Search code examples
textunicodeencodingutf-8utf-16

Will UTF-8 strings always be shorter than UTF-16?


If I have 2 strings of the same text, one UTF-8, and the other UTF-16.
Is it safe to assume the UTF-8 string will always be smaller, or the same size, as the UTF-16 one? (byte wise)


Solution

  • No, while the UTF-8 text will usually be shorter, it's not always the case.

    Anything between U+0000 and U+FFFF will be represented with 2 bytes (one UTF-16 codepoint) in UTF-16.

    Characters between U+0800 and U+FFFF will be represented with 3 bytes in UTF-8.
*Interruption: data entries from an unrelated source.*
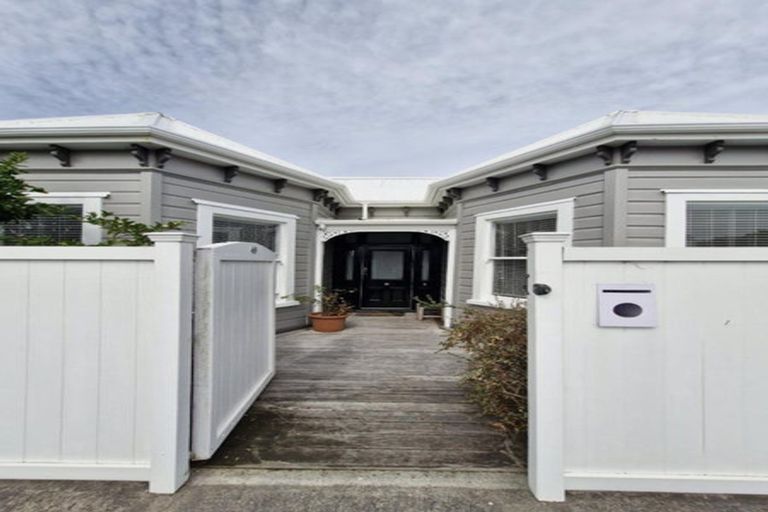 Photo of property in 49 Vivian Street, New Plymouth, 4310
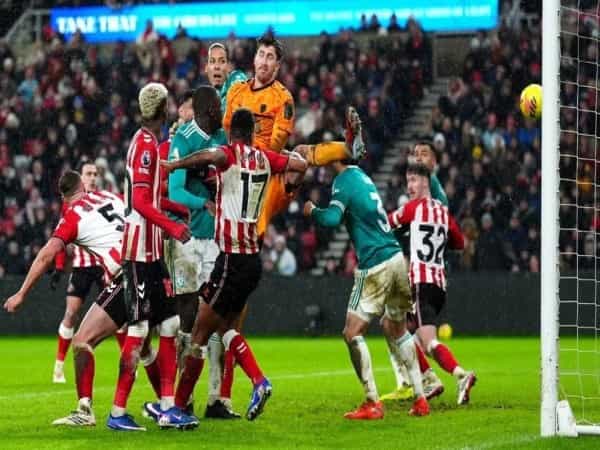 Tin BĐ: Van Dijk lập công, Liverpool hạ Sunderland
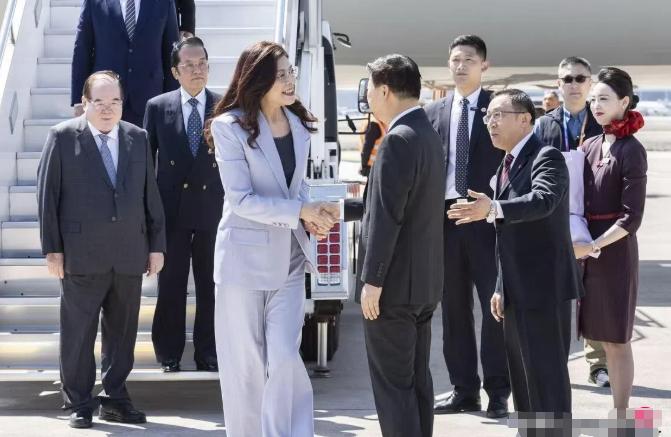 吴成典今天在松山机场那段话，分量重得惊人！他当着所有镜头喊出一句——国共两党一起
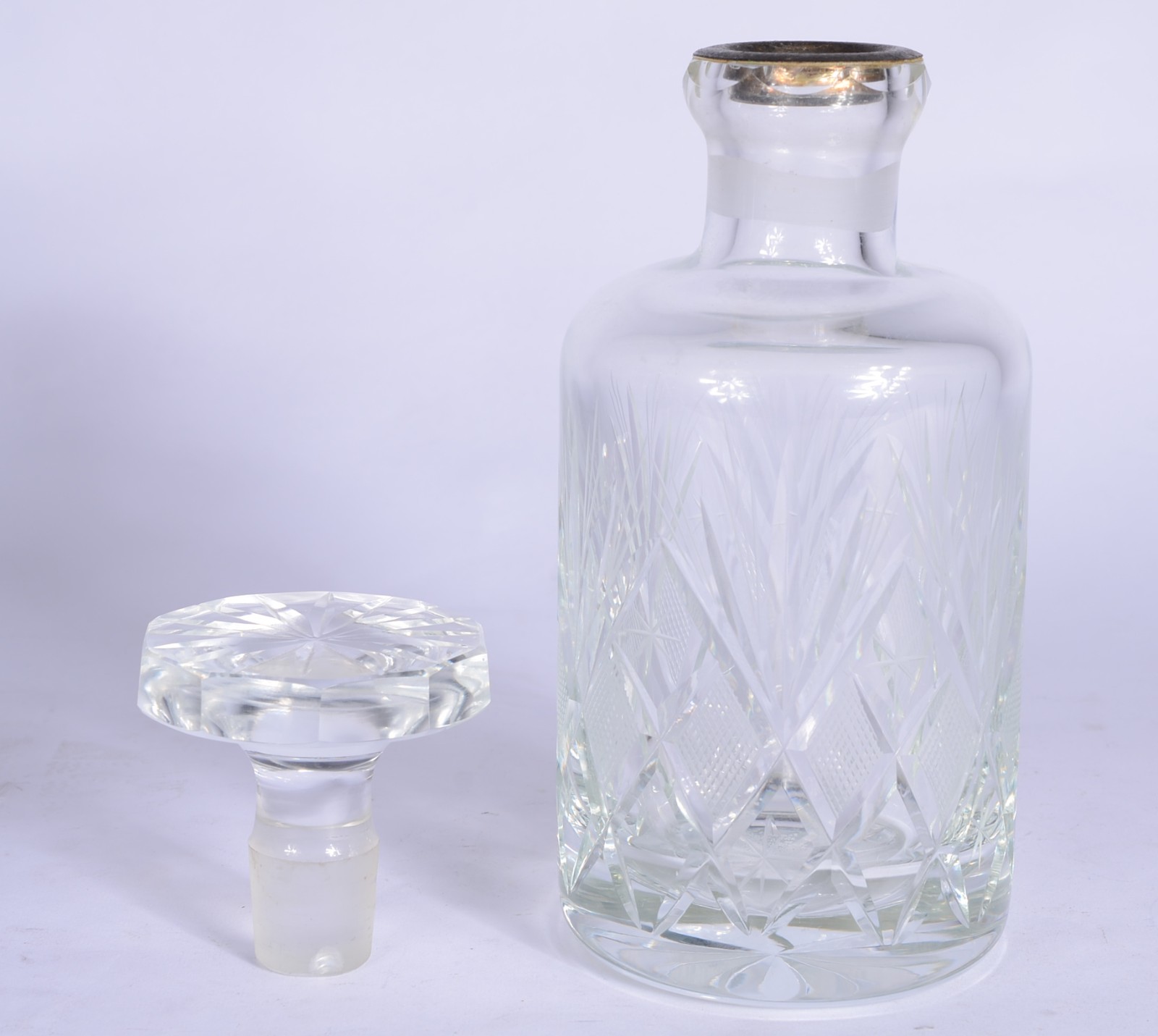 Três peças, sendo: jarra, garrafa e licoreira de cristal lapidado. - foto 6 de 9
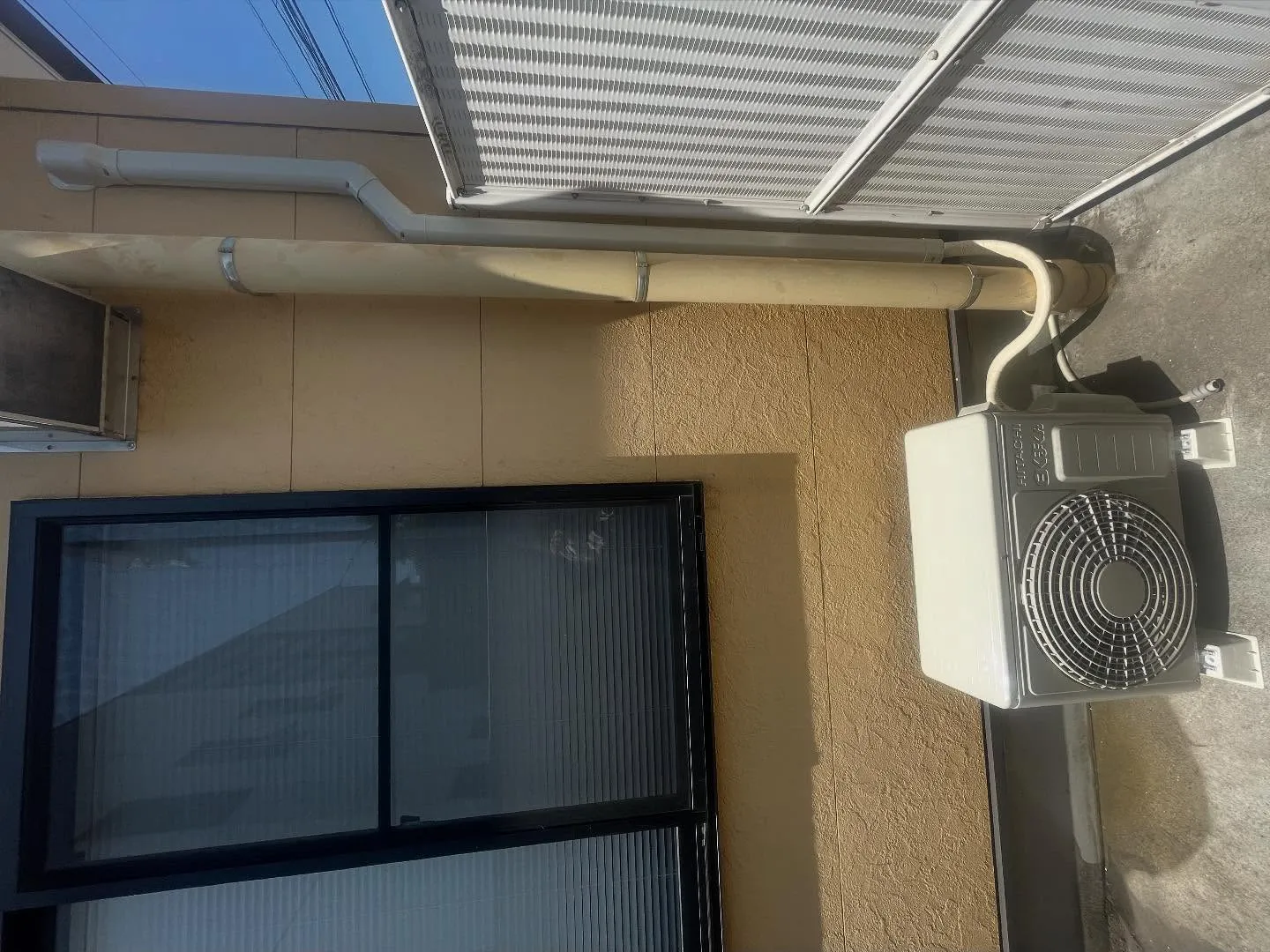 本日もエアコン取付工事をさせて頂きました。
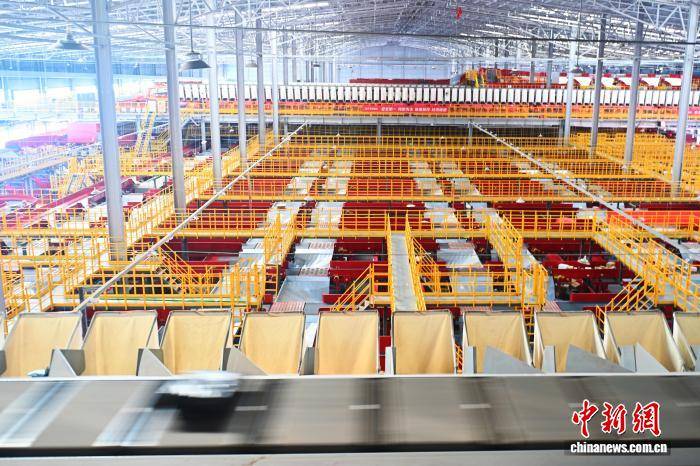 甘肅蘭州迎來春節快遞分揀高峰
    Therefore a text that contains only (or mostly) characters in that range, can easily be longer when represented in UTF-8 than in UTF-16.

    Put differently:

    • U+0000 - U+007F: UTF-8 is shorter (1 < 2)
    • U+0080 - U+07FF: Both are the same size (2 = 2)
    • U+0800 - U+FFFF: UTF-8 is longer (3 > 2)
    • U+10000 - U+10FFFF: Both are the same size (4 = 4)

    Note that 5 and 6 byte sequences used to be defined in UTF-8 but are no longer valid according to the newest standard and were never necessary to represent Unicode codepoints.